Data excerpts:
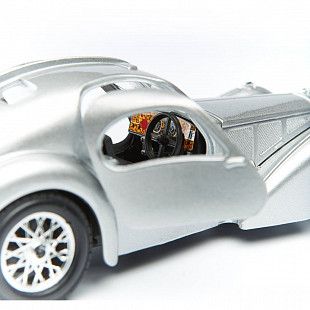 Коллекционная машина Bburago 1:24 Bugatti Atlantic (18-22092) silver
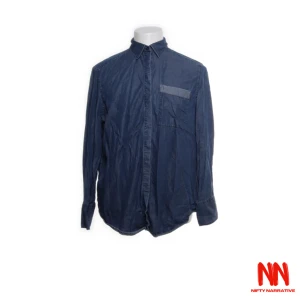 Acne Studios skjorta - Jeansskjorta Acne Studios. Storlek: 48/M. Skick: 7/10. För mer info, kontakta oss och kolla gärna in vår sida för fler plagg!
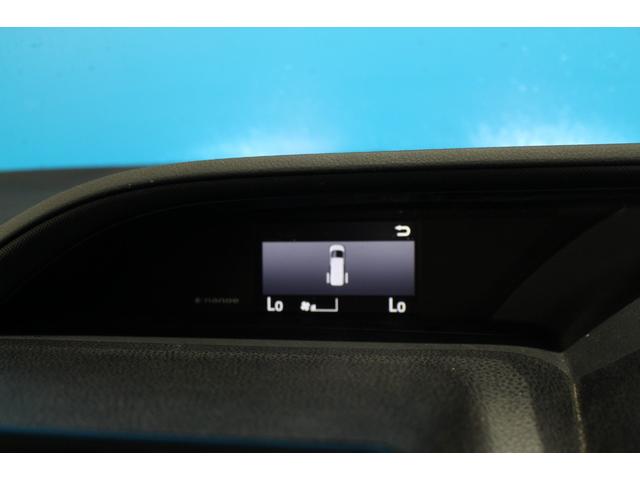 ヴォクシー ハイブリッドV 禁煙車/後席モニター/純正9インチナビ/バックカメラ/フルセグ/両側パワースライドドア/クルーズコントロール/シートヒーター/純正15AW/セーフティセンスC/ワイヤレス充電/ブルートゥース接続/(64枚目)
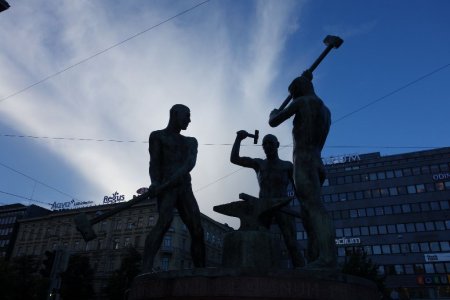 společné máme s Finskem například i politické vlivy v historii státu, o čemž svědčí  i toto sousoší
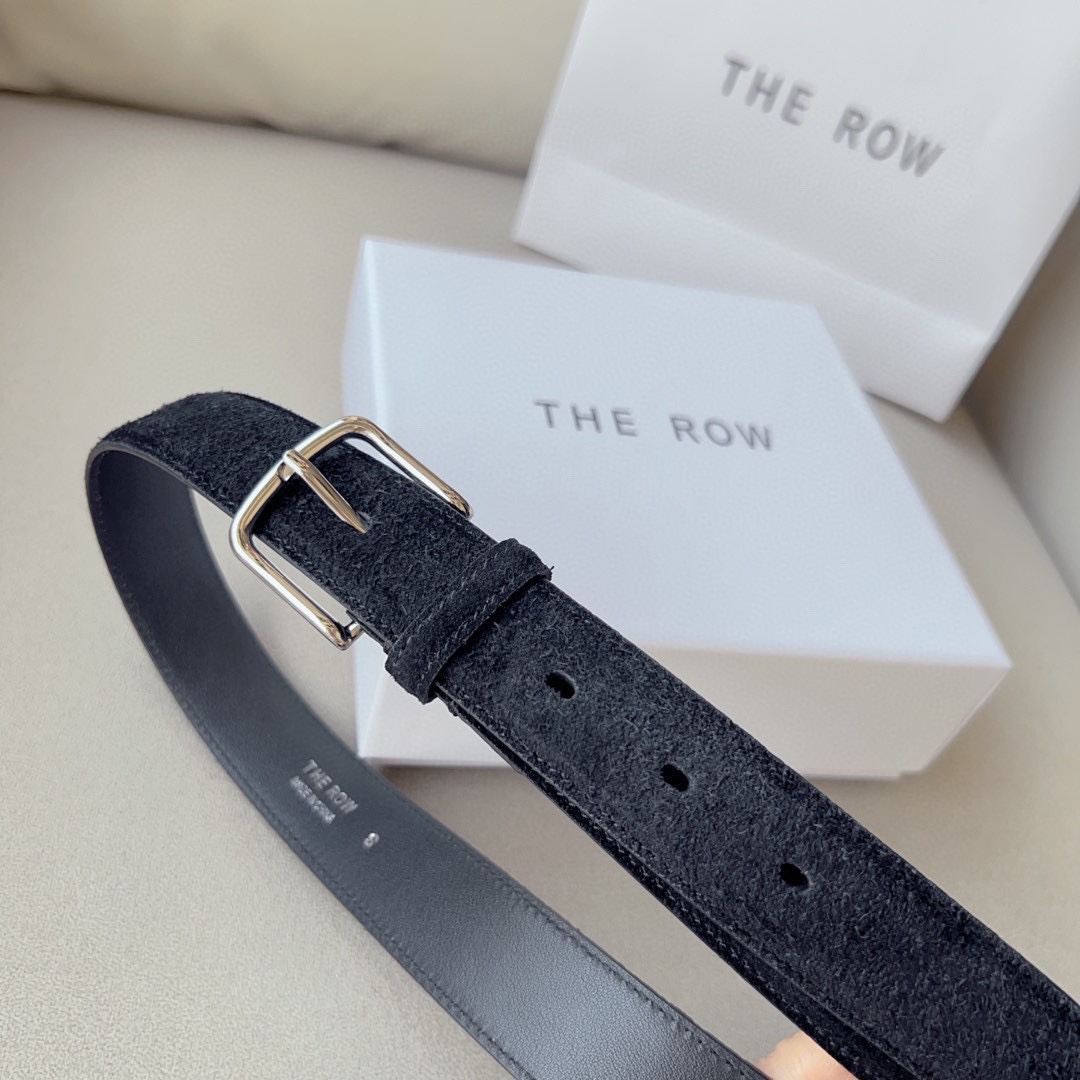 THE ROW该品牌的设计灵感源自他们对波西米亚风格以及精美奢华风的喜爱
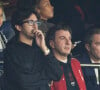 Pour mémoire, le comédien fréquente la mère de Sean Obispo, Isabelle Furano, depuis 2008
Michaël Youn et Sean Obispo - Célébrités dans les tribunes de la demi-finale retour de Ligue des champions entre le PSG face au Borussia Dortmund (0-1) au Parc des Princes à Paris le 7 mai 2024. © Cyril Moreau/Bestimage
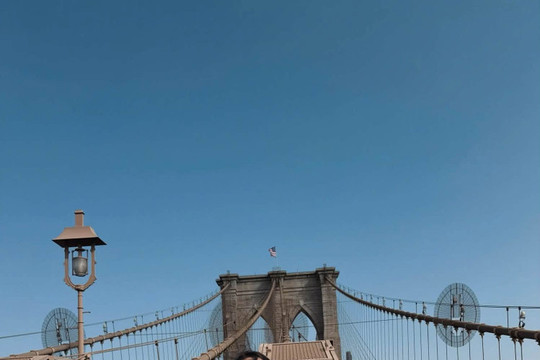 Hoa hậu Hương Giang gây chú ý với phong cách du học sinh tại New York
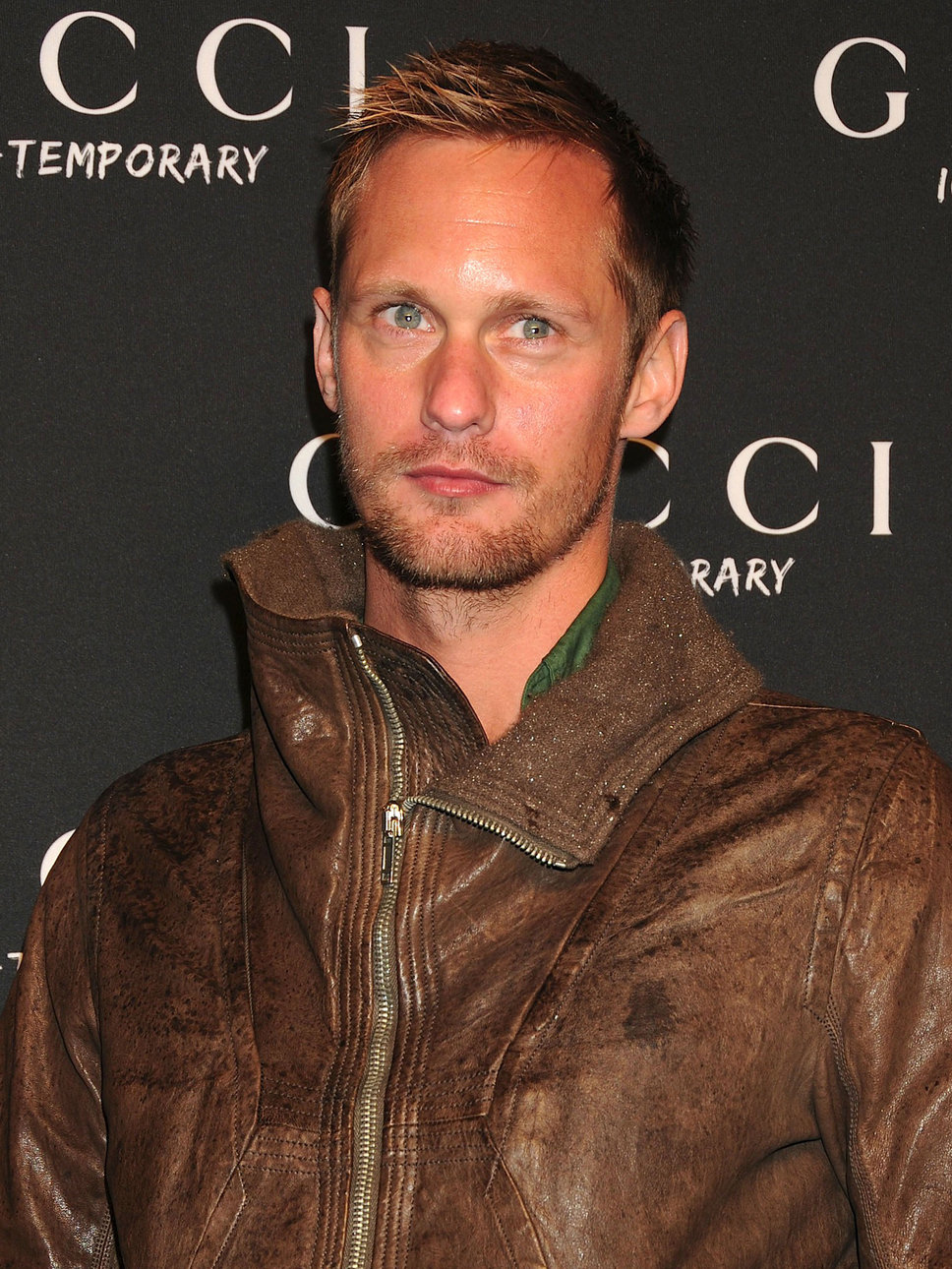 http://www.theplace.ru/archive/alexander_skarsgard/img/alexander_skarsgard_-19.jpg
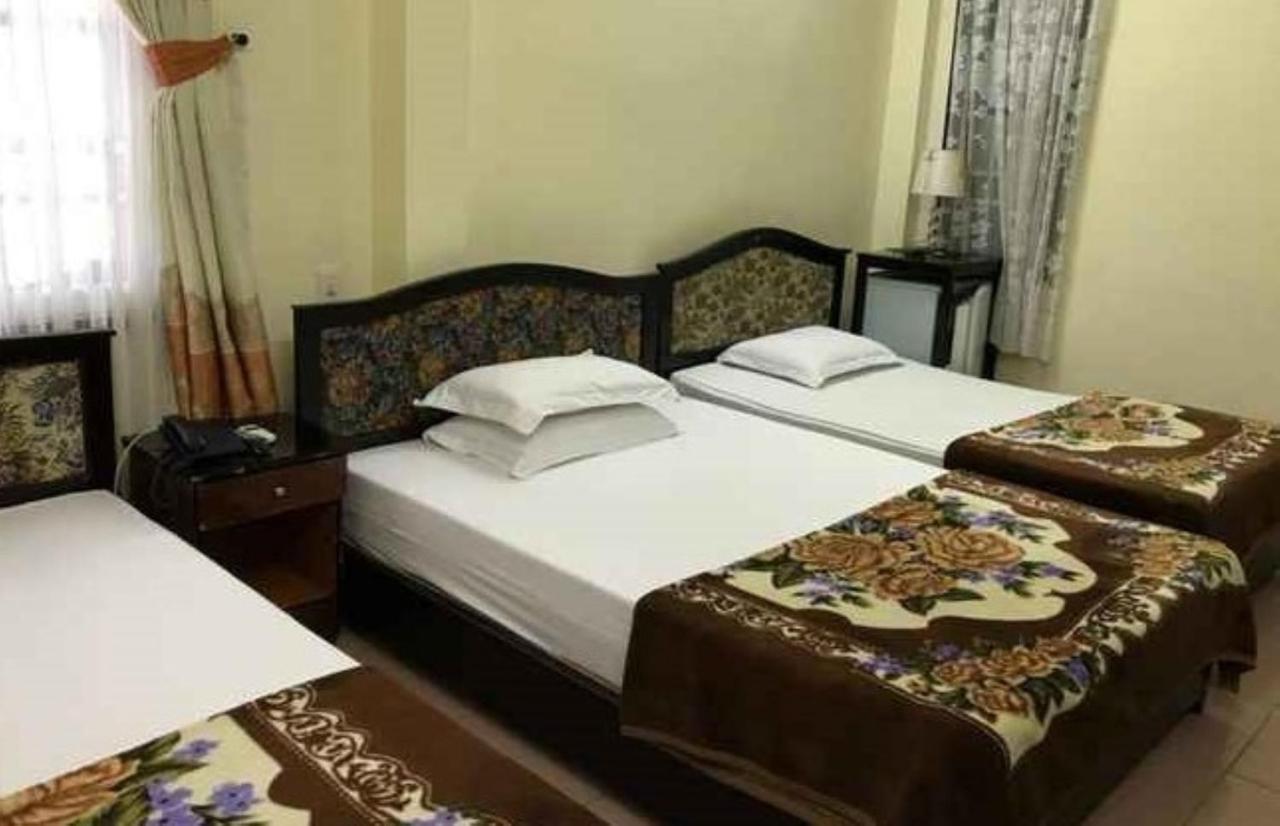 Cat Phu Hotel Буонметхуот Екстер'єр фото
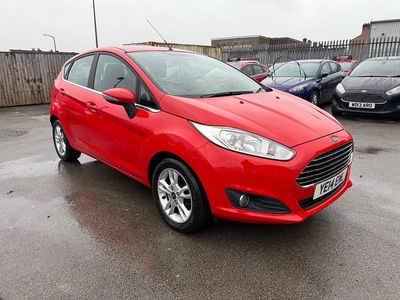 Used Ford Fiesta Zetec 82 HP (60 kW) 2014 Red Hatchback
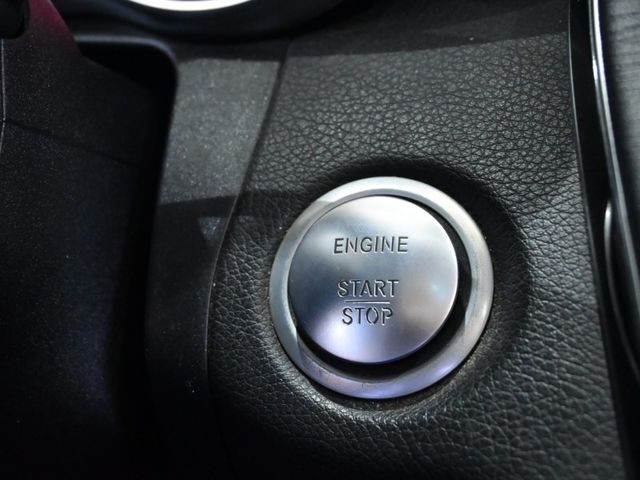 Mercedes-Benz/賓士 C300  第11張相片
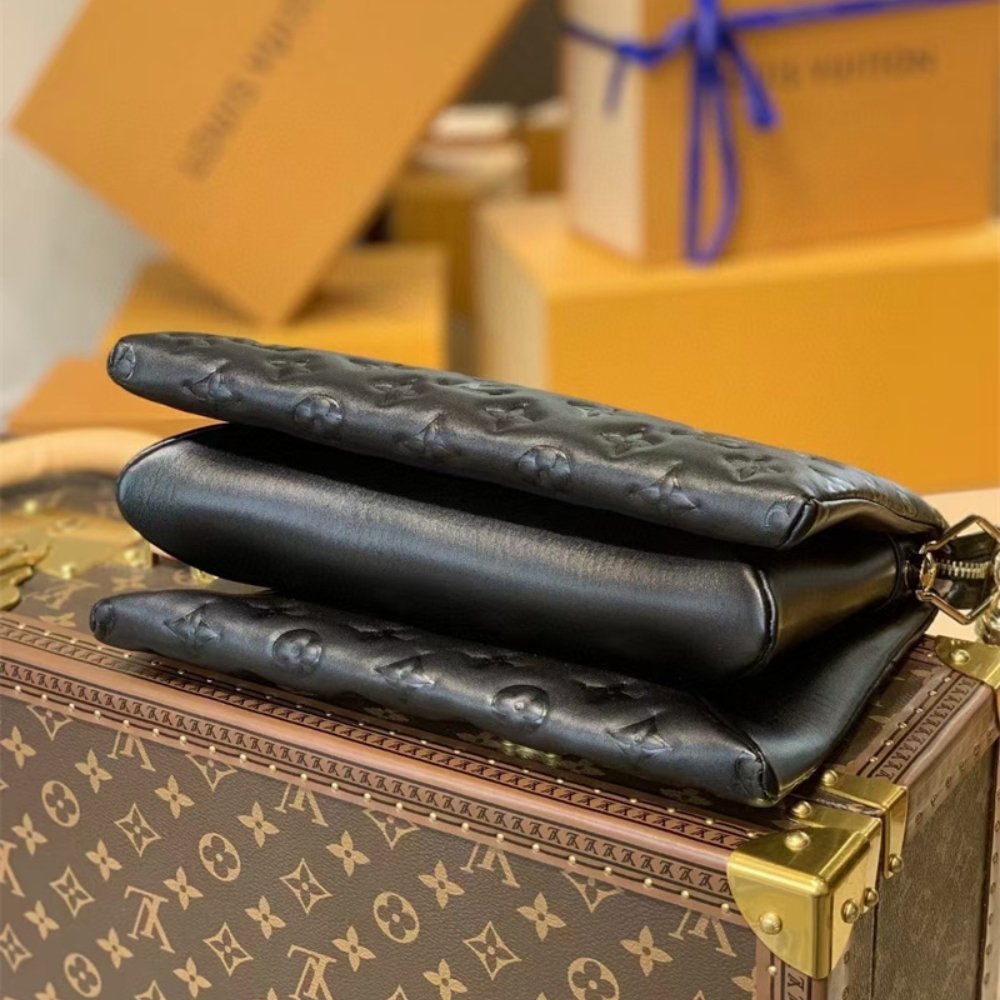 Louis Vuitton Coussin PM Black 26Cm M57790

Problem details: Where the line containing "Hoa hậu Hương" appears above, start there and set down each line exactly through the last line of the data; leave out every picture.

Result for this task:
 Hoa hậu Hương Giang gây chú ý với phong cách du học sinh tại New York
 http://www.theplace.ru/archive/alexander_skarsgard/img/alexander_skarsgard_-19.jpg
 Cat Phu Hotel Буонметхуот Екстер'єр фото
 Used Ford Fiesta Zetec 82 HP (60 kW) 2014 Red Hatchback
 Mercedes-Benz/賓士 C300  第11張相片
 Louis Vuitton Coussin PM Black 26Cm M57790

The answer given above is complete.